Image-caption web data:

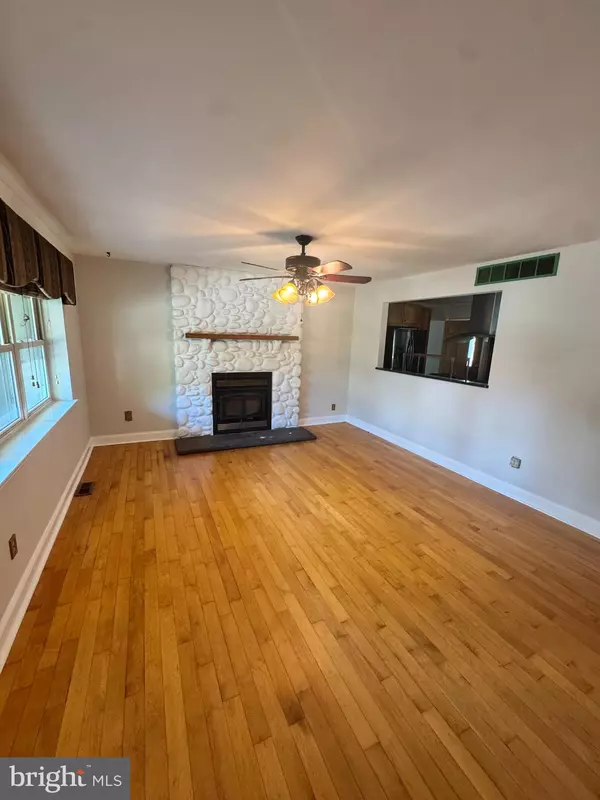 Blackwood, NJ 08012,1 FAWN CT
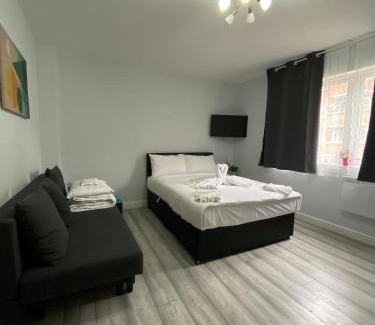 Stepney Green House | Comfortable - Cosy - Budget Studios in City Center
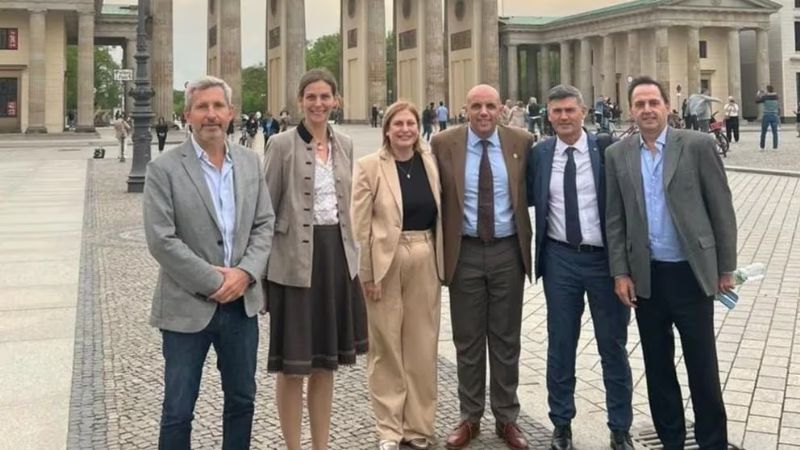 Dalmacio Mera en una gira con Rogelio Frigerio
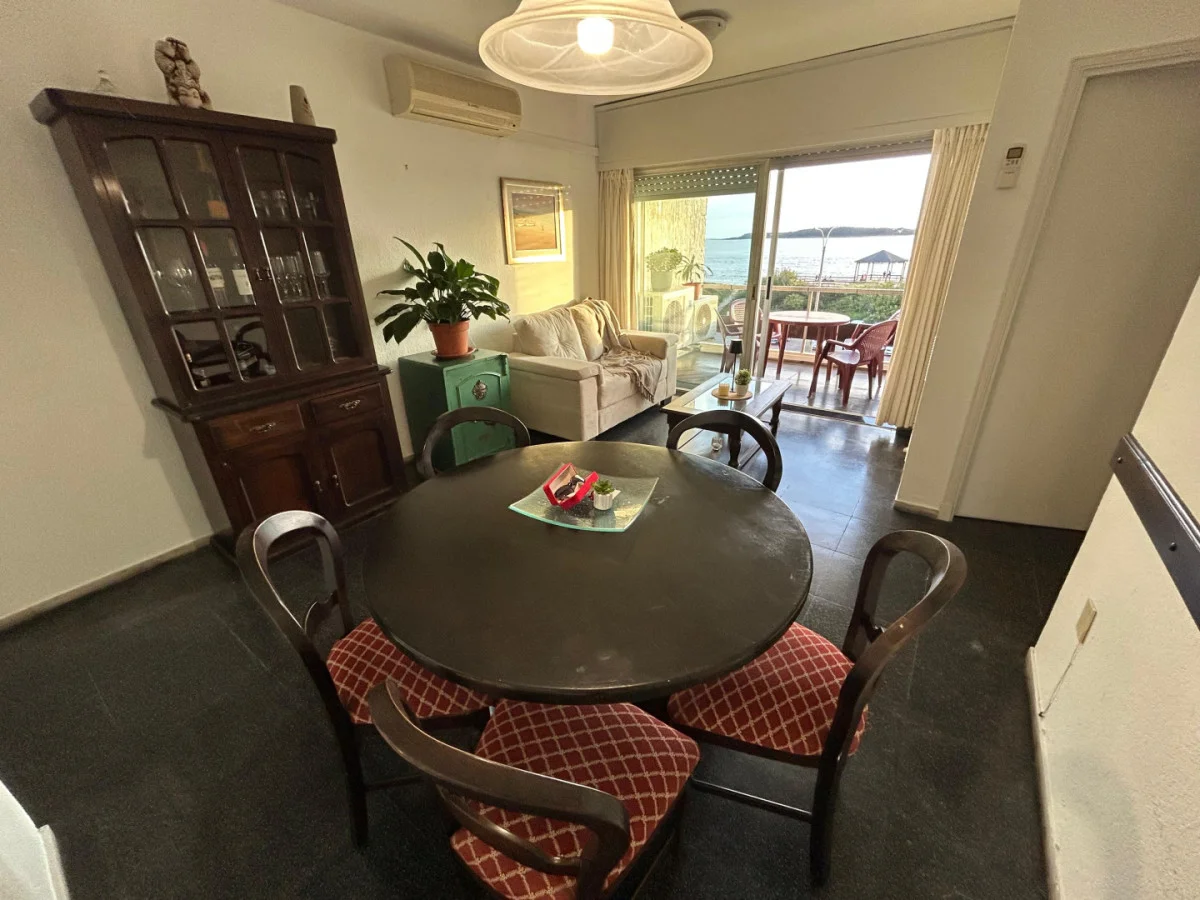 Apartamento en Playa Mansa, propiedad 302323 -Imagen 4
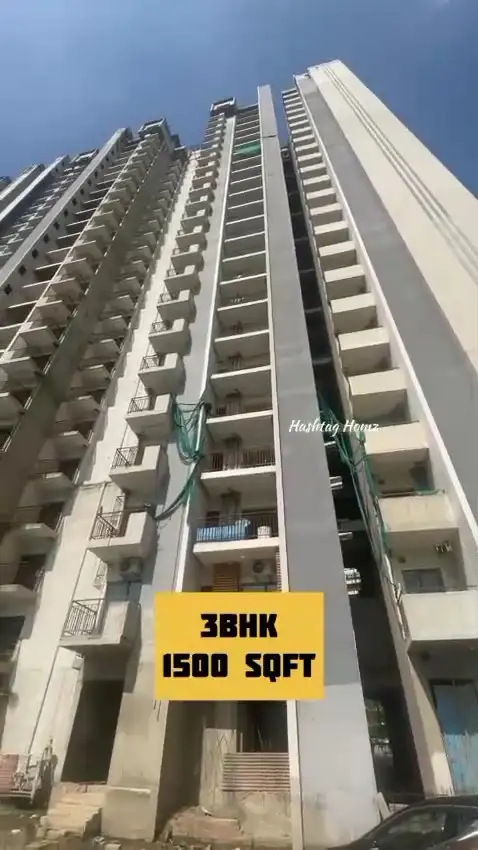 LUXURY 2 AND 3 BHK FLAT IN AQUA GARDEN  NOIDA EXTENSION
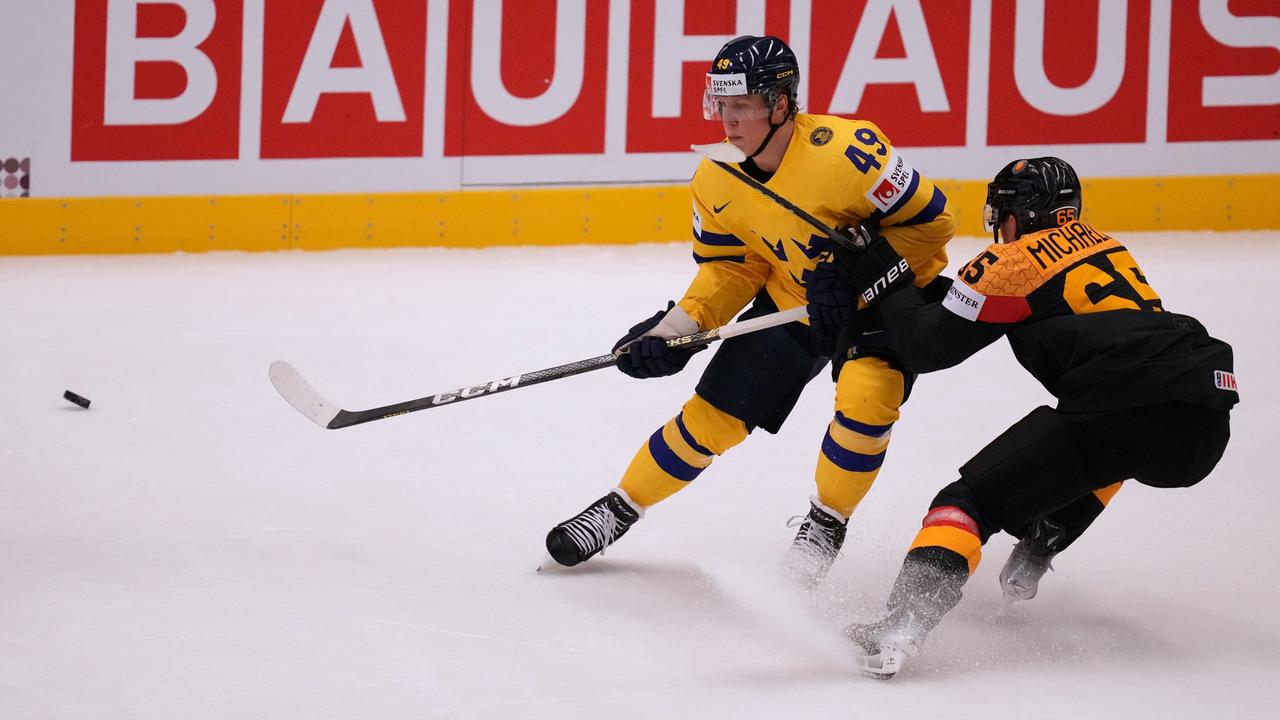 Schwedens Fabian Zetterlund, links, und Deutschlands Marc Michaelis während des Vorrundenspiels zwischen Deutschland und Schweden bei der Eishockey-Weltmeisterschaft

What you will do: Excluding the pictures, write out exactly the lines from the line that contains "Stepney Green House" through the end of the records.

Task output:
 Stepney Green House | Comfortable - Cosy - Budget Studios in City Center
 Dalmacio Mera en una gira con Rogelio Frigerio
 Apartamento en Playa Mansa, propiedad 302323 -Imagen 4
 LUXURY 2 AND 3 BHK FLAT IN AQUA GARDEN  NOIDA EXTENSION
 Schwedens Fabian Zetterlund, links, und Deutschlands Marc Michaelis während des Vorrundenspiels zwischen Deutschland und Schweden bei der Eishockey-Weltmeisterschaft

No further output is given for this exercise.